» **Instructions to follow**: Everything in the listing below from the line containing "Backdrop for the" through the line containing "Dragon Fire Selve" must be repeated exactly; the remaining lines are not wanted.

» **The data**:

• • • • • • •

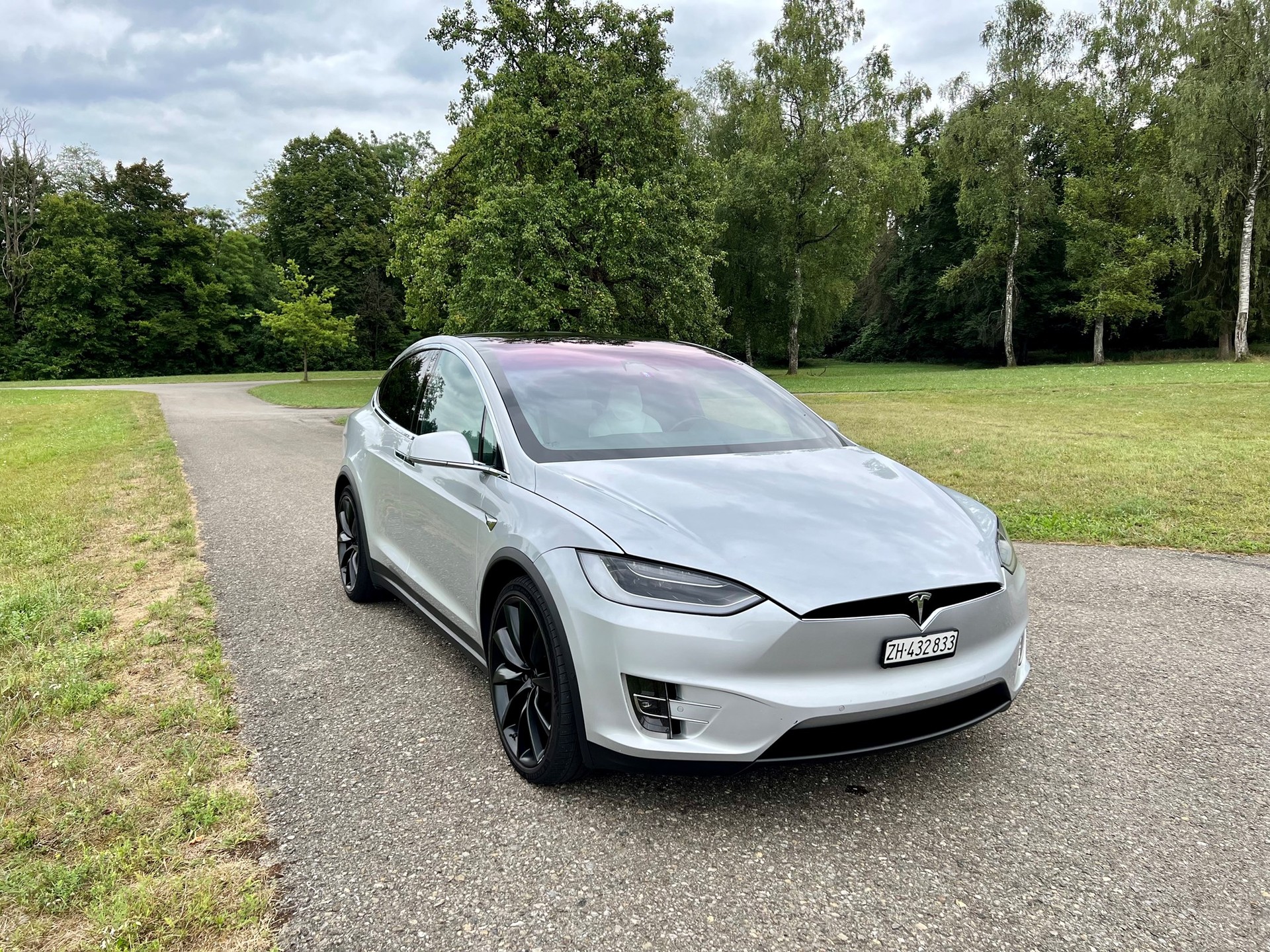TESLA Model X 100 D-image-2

• • • • • • •

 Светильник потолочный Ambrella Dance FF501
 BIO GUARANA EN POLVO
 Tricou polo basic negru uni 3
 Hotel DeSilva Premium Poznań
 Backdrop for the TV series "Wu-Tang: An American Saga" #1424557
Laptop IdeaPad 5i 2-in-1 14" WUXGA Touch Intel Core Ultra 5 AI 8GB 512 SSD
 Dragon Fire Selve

• • • • • • •

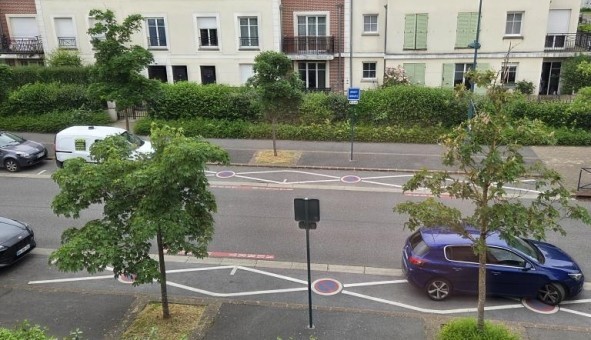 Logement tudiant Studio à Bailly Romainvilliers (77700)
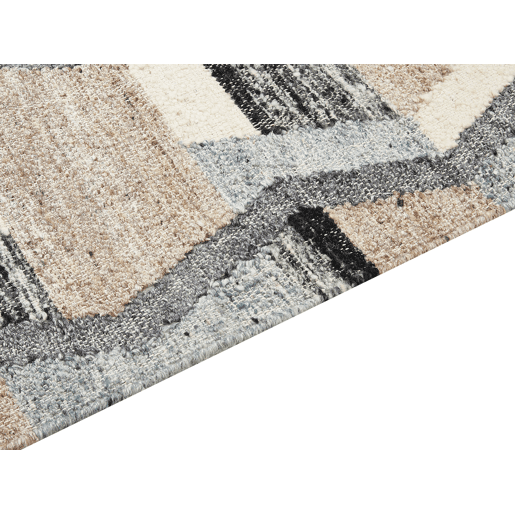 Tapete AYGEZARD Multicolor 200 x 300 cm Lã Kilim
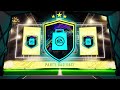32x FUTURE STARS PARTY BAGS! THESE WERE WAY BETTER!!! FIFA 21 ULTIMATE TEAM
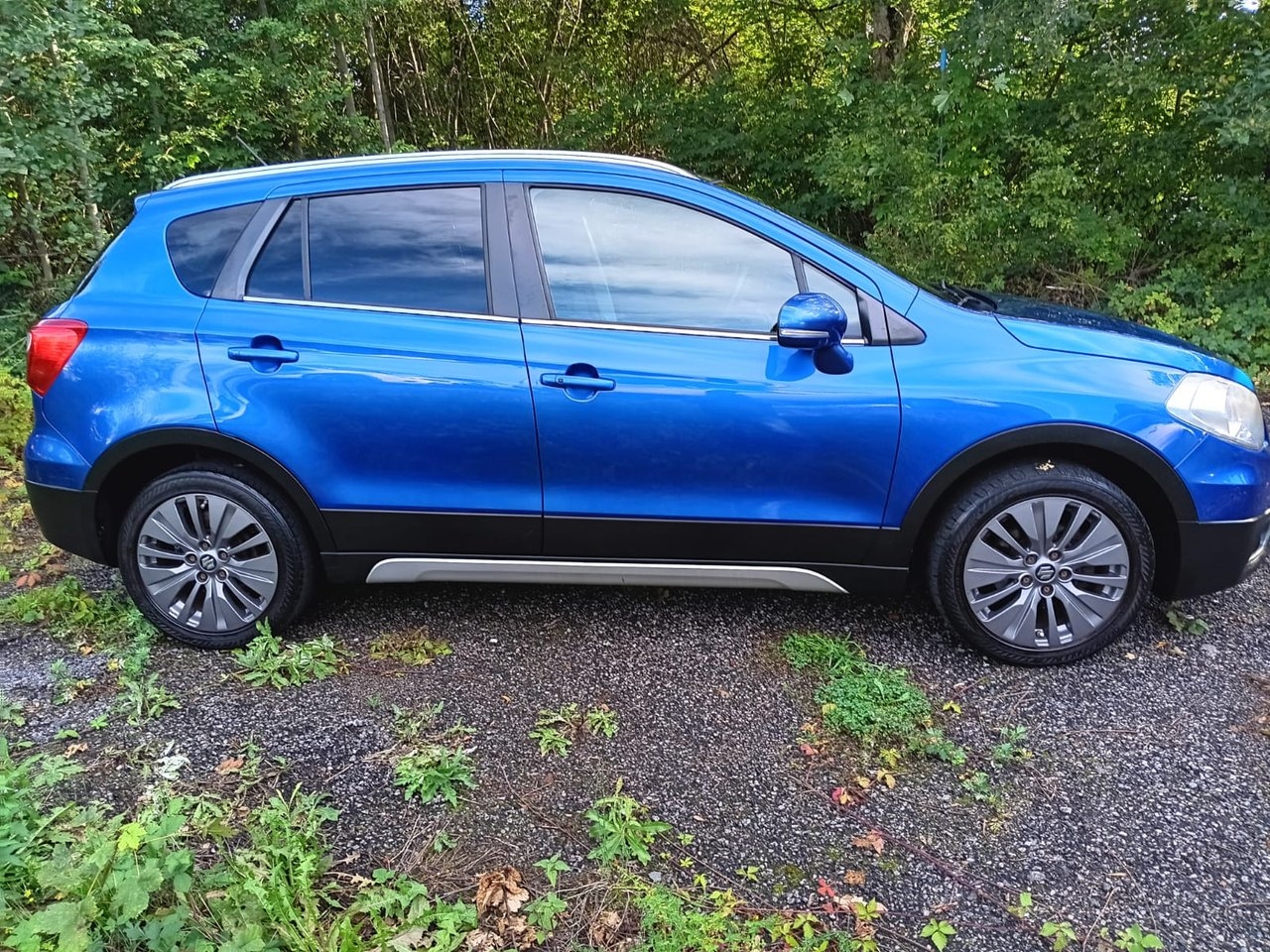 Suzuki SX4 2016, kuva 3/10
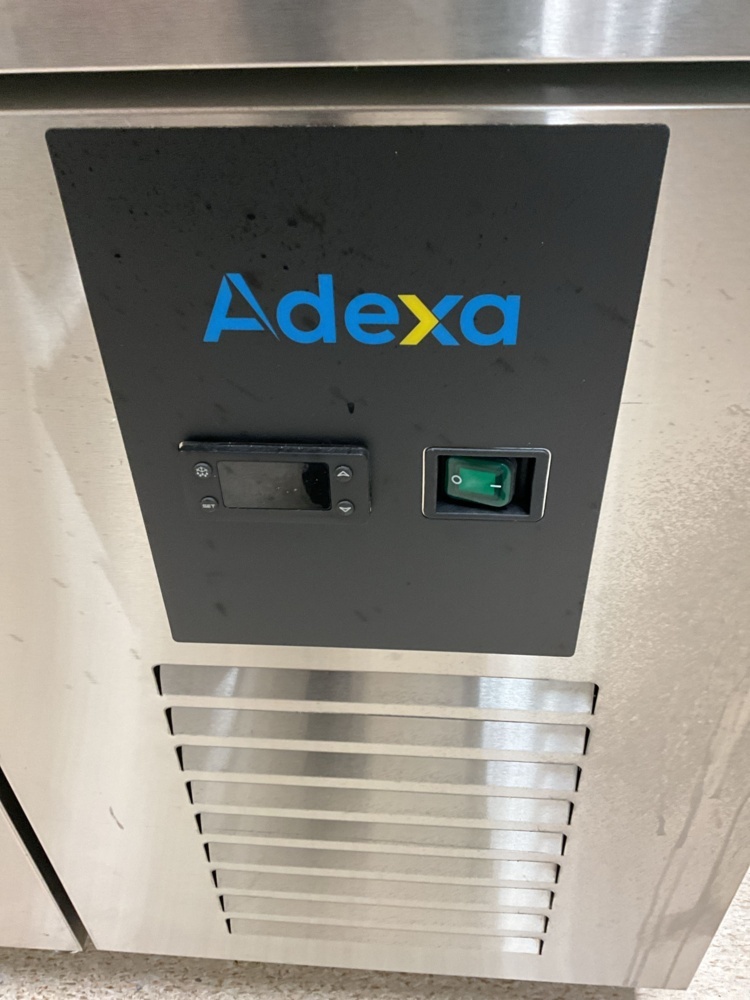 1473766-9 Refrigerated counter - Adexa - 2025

• • • • • • •

» **Answer to this exercise**:
 Backdrop for the TV series "Wu-Tang: An American Saga" #1424557
Laptop IdeaPad 5i 2-in-1 14" WUXGA Touch Intel Core Ultra 5 AI 8GB 512 SSD
 Dragon Fire Selve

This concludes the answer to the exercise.